Old Friends & Enemies: Part 14

They both jumped at once, both of them aiming in my direction, no doubt guessing that if they could take me out, they could grab Master Martian or Daniel. Also, I was between Daniel and them.

Only as one hit me did I come up with the obvious, alternate possibility—that if one of them hit me, the other might be free to go after Daniel when he got past me.

How I managed to avoid dropping the SUV when the first one hit, I still don’t know. I understand it on the level of technology in that Grandpa had designed the suit to absorb damage and I’d expanded it with tech inspired by the jet’s inertial dampers, but I’m still amazed that I had the presence of mind to hang on as the Cabal soldier hit the suit’s chest, knocking the SUV and me backward.

If the guy had hit the SUV, it would have been ripped apart, but since he hit the suit, we moved maybe 20 feet and much slower than we could have.

At the same time, the other Cabal soldier, the one that jumped past me, never reached Daniel. Instead, Yoselin and Haley, who had been flying parallel and a little behind us, turned in our direction, Yoselin redirecting the soldier upward and sideways so that he shot over the rowhouses next to us, flying blocks away from the fight.

I hoped he wouldn’t kill anyone when he landed, but there was nothing I could do about it. I had my own problems.

The Cabal soldier who’d slammed into me hung from one arm over my left shoulder and started punching my ribs with the right arm while steadying himself by scissoring his legs around mine. The only bright side was that the Rocket suit wasn’t throwing quite so many error messages as when the woman’s beam attack hit me.

She’d taken out 30% of my armor’s repair capabilities in one shot. On average, he was destroying roughly 2.5% per punch around the abdomen—so I had 20 more punches to go before he punched through my chest. The bad news was that he punched a lot.

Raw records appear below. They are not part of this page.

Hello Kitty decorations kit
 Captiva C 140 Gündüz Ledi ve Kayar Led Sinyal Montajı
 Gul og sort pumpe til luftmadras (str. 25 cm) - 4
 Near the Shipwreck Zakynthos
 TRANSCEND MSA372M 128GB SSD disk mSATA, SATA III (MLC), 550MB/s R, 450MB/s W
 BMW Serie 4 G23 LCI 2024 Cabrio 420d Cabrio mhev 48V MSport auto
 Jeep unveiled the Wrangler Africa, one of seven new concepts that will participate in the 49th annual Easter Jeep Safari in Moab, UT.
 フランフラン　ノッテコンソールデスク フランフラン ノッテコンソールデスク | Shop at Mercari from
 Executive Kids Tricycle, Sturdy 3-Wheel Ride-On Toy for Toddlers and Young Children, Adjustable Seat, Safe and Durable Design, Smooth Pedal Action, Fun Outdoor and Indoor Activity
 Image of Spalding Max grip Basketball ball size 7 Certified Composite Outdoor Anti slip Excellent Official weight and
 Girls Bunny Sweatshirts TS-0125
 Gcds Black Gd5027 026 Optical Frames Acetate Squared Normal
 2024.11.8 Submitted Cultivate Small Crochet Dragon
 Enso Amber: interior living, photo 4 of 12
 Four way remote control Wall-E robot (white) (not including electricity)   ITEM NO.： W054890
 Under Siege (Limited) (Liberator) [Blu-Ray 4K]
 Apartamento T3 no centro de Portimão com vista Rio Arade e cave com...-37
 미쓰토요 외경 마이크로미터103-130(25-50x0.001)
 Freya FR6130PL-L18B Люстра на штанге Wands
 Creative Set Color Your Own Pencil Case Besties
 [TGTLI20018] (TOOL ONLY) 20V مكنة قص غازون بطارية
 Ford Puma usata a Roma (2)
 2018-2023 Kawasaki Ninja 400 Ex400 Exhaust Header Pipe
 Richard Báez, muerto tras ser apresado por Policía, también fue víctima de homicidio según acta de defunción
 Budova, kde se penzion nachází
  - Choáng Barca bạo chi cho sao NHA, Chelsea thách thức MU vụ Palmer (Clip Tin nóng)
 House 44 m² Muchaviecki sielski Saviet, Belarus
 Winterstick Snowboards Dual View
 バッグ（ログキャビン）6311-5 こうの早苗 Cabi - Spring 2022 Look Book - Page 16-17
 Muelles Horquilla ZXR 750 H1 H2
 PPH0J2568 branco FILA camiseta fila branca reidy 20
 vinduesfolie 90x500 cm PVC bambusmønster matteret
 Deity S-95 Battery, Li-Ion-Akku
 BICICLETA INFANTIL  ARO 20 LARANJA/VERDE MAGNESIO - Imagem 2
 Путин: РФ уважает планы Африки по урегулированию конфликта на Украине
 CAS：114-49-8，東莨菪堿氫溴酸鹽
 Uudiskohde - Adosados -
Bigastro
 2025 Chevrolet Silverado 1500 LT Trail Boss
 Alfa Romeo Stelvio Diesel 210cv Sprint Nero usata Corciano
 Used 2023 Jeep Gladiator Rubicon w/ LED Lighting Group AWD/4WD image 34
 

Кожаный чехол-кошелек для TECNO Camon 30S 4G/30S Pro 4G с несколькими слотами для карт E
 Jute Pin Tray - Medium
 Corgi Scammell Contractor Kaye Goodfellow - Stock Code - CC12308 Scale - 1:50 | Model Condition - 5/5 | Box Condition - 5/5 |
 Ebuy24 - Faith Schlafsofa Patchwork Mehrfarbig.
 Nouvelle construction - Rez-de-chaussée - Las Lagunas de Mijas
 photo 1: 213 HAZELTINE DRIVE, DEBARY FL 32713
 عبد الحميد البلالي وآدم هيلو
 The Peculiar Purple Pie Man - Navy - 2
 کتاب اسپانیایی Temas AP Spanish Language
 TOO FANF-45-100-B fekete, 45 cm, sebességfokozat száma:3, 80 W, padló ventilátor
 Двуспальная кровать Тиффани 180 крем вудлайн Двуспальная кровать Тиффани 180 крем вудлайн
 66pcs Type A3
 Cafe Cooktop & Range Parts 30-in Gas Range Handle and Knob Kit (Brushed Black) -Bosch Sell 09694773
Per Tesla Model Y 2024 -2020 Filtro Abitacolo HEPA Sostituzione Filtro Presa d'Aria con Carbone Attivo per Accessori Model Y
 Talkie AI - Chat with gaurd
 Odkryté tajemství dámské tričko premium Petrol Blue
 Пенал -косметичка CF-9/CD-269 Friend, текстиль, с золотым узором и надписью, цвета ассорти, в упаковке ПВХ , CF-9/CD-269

I started dropping to the street, knowing that I wouldn’t be able to fight back unless I let go of the SUV, preferably without hurting the people inside. He didn’t stop punching. So by the time I hit the sidewalk, I was down to roughly 15 punches before my inevitable death.

By the time I let the front of the SUV slide forward and hit the street behind me, I was down to 12 punches. Intentionally letting myself fall backward, I let go of the SUV and as it accelerated away, I moved my arms downward, pointing my right arm into his chest and aiming the beam in the direction of his spinal cord. Thanks to the suit’s sonics, I could see it.

As the beam exited his back, another beam hit his upper back from the side, this one from Haley’s suit. He screamed and I threw him off myself and onto the street, pushing myself upward as Haley asked, “Are you okay?”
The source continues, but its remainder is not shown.